В целом русская мода — это уже копия. Не знаю, какую ценность она несет. Если ты русский дизайнер и хочешь как-то поддержать страну, то производить должен здесь и ткани закупать здесь же. А сейчас достаточно просто написать русское слово и все. Считаю, что необходимо внедрять что-то хорошее. Но опять же, тут нет никакого «хорошо» и «плохо». Никто не имеет права никого осуждать. Но я стою за то, чтобы русские дизайнеры восстанавливали свое производство и свои ткани.

— А какие ткани вы привозите из России?

— Вот платки привезла наши павлопосадские. Мы их включили в нашу следующую коллекцию. У нас в Академгородке (город в 20 километрах от Новосибирска. — Прим. ред.) есть маленький магазин в подвале с кусочком русской культуры. Там я купила ткани: в основном это ткани с принтами и орнаментом, потому что вручную никто не плетет.

— Вы говорите, что вы в первую очередь художник, а Jahnkoy — это арт-проект. Почему хотите уйти от образа просто конструктора одежды?

— Я — художник, просто делаю не картины, а одежду. Но эта одежда — результат большого исследования. Она несет в себе более глубокое значение, поэтому включает в себя шоу, перфоманс, звук, свет, большое количество людей.

Проект «The Deceived: No More», который будет продаваться как ready to wear (повседневная одежда. — Прим. ред.) нацелен на восстановление ремесла. Как раз в Бруклине я начала заниматься проектами для поддержания ремесленников. На выставке вы сможете ознакомиться с деталями работ, а также посмотреть финальную выпускную коллекцию «Displaced», которая была своего рода предложением того, как можно улучшить систему моду и продукции.

— Один из китов, на которых держится Jahnkoy, — мультикультурализм. Вы используете этнику разных народов. При этом в СМИ постоянно появляются скандалы из-за культурной апроприации. Это обосновано, либо это просто попытка придраться?

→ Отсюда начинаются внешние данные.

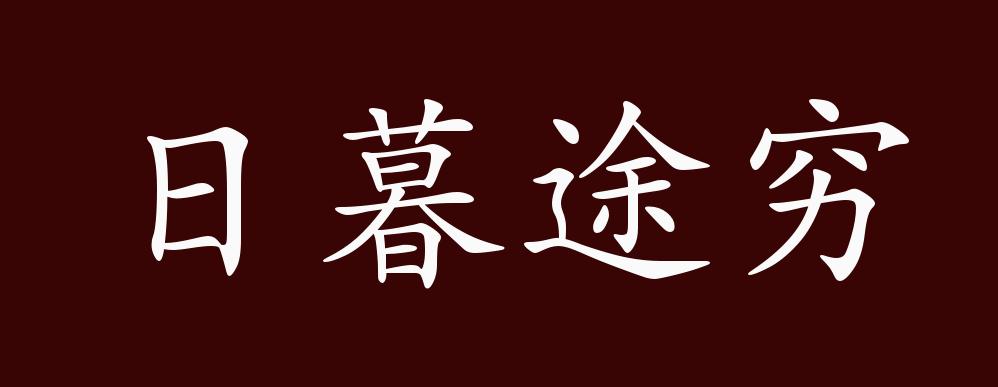 日暮途穷的出处释义典故近反义词及例句用法成语知识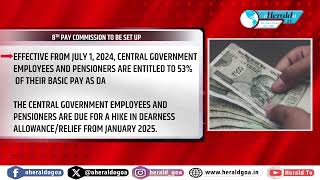 8th Pay Commission To Be Set Up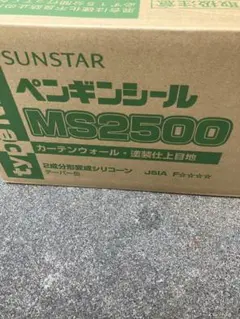SUNSTAR ペンギンシール MS2500 2缶 遅延剤 2袋 - メルカリ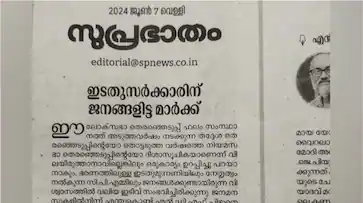  സിപിഎം ജനങ്ങളിൽ നിന്നും അകന്നുവെന്ന് സമസ്തയുടെ മുഖപത്രം സുപ്രഭാതം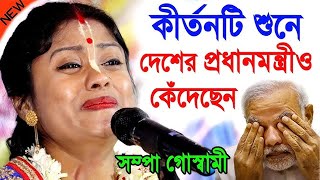 এই কীর্তনটি শুনে দেশের প্রধানমন্ত্রী ও কেঁদেছেন | Sampa Goswami Kirtan 2025 | সম্পা গোস্বামী কীর্তন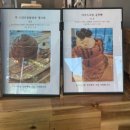 용설로 | 안성 가볼만한곳 용설호수뷰 카페에서 힐링하기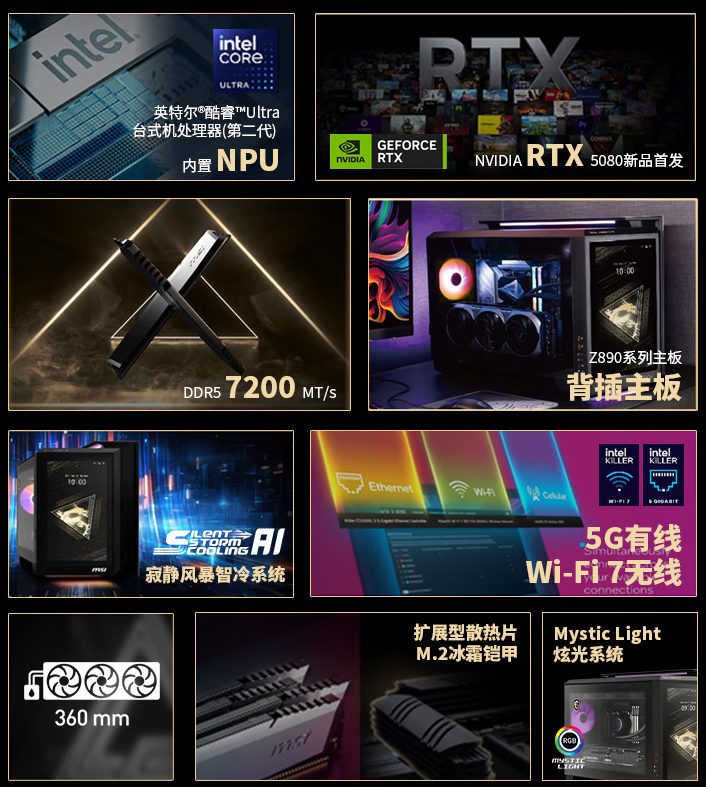 微星MEG VISION X AI幻影主机震撼上市：RTX 5080 AI交互革新体验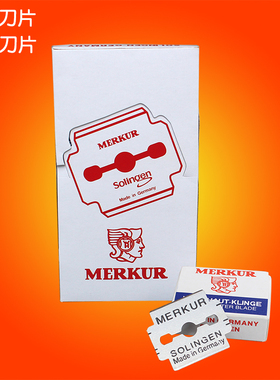 刨甲刀片修死皮双面专业刀片磨脚去老茧修脚刀片一盒100片 10小盒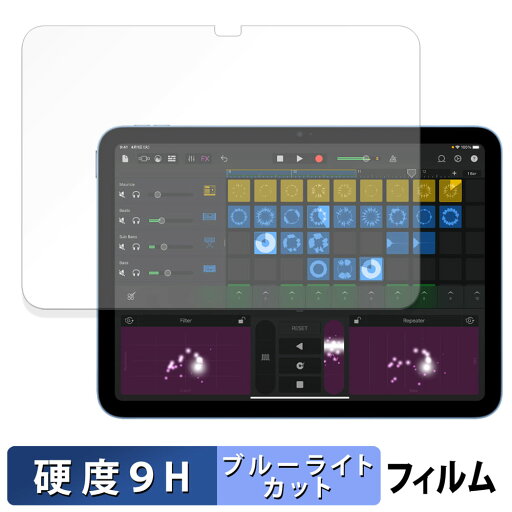 【ポイント2倍】 Apple iPad ( 第11世代 ) 2025 11インチ 保護フィルム ブルーライトカット フィルム 【 9H高硬度 反射低減 】 強化ガラスと同等の高硬度 日本製 【ポイント2倍】 Apple iPad ( 第11世代 ) 2025 11インチ 保護フィルム ブルーライトカット フィルム 【 9H高硬度 反射低減 】 強化ガラスと同等の高硬度 日本製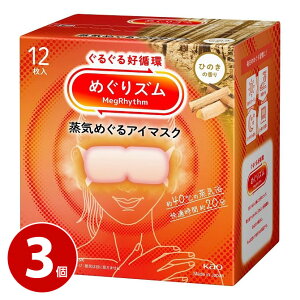 ԉ ߂Y C߂AC}XN Ђ̂̍ 12 3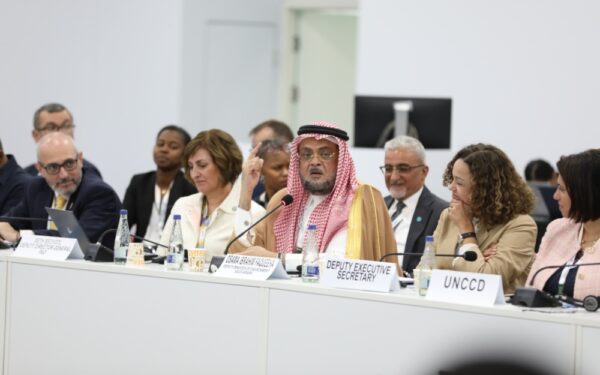 انضمام تركيا إلى بيان "بيليم" يُعزز مسار المملكة للتكامل بين الأراضي والمناخ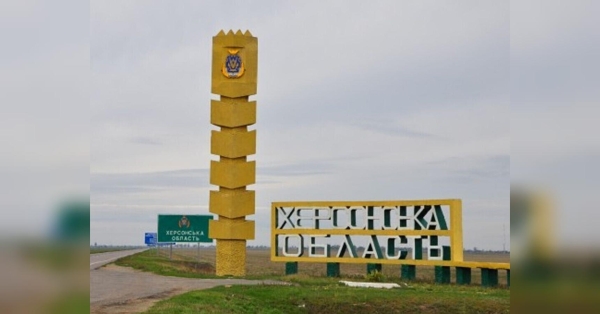 Російська армія вдарила по Херсонщині: є загиблий та поранені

— Вся мода есть апроприация. Все тренды считываются с людей вокруг, потом копируются и продаются другим людям. Культура — сложное понятие. У нас в стране нет такого «моя-твоя культура»; по крайней мере, я не выросла на таком понимании. Есть слово «культура», и ты либо культурный, либо нет. Вся наша музыка — это культурная апроприация западной, и получается, мы не имеем права этого делать? Если ты слушаешь рэп, ты вырос на рэпе — это твоя культура уже.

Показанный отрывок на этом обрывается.